ISSTA 2025
Wed 25 - Sat 28 June 2025 Trondheim, Norway
co-located with FSE 2025

Code obfuscation is a technique used to protect software by making it difficult to understand and reverse engineer. However, it can also be exploited for malicious purposes such as code plagiarism or developing malicious programs. Learning-based techniques have achieved great success with the help of supervised learning and labeled training sets. However, when faced with real-life environments involving privately developed and undisclosed obfuscators, these supervised learning methods often raise concerns about generalizability and robustness when facing unseen and unknown classes of obfuscation techniques.

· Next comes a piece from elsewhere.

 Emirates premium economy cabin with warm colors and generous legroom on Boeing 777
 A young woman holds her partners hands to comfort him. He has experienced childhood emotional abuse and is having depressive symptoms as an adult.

This paper presents ALMOND, a novel zero-shot approach for detecting code obfuscation in binary executables. Unlike previous supervised learning methods, ALMOND does not require labeled obfuscated samples for training. Instead, it leverages a language model pre-trained only on unobfuscated assembly code to identify the linguistic deviations introduced by obfuscation. The key innovation is the use of “error-perplexity” as a detection metric, which focuses on tokens the model fails to predict. A Continuous Error-Prediction Penalty further enhances this to capture consecutive prediction errors characteristic of obfuscated sequences. Experiments show ALMOND achieves 96.3% accuracy on unseen obfuscation methods, outperforming supervised baselines. On real-world malware samples, it demonstrates an AUC of 0.869 and significantly outperforms the supervise-learning baseline.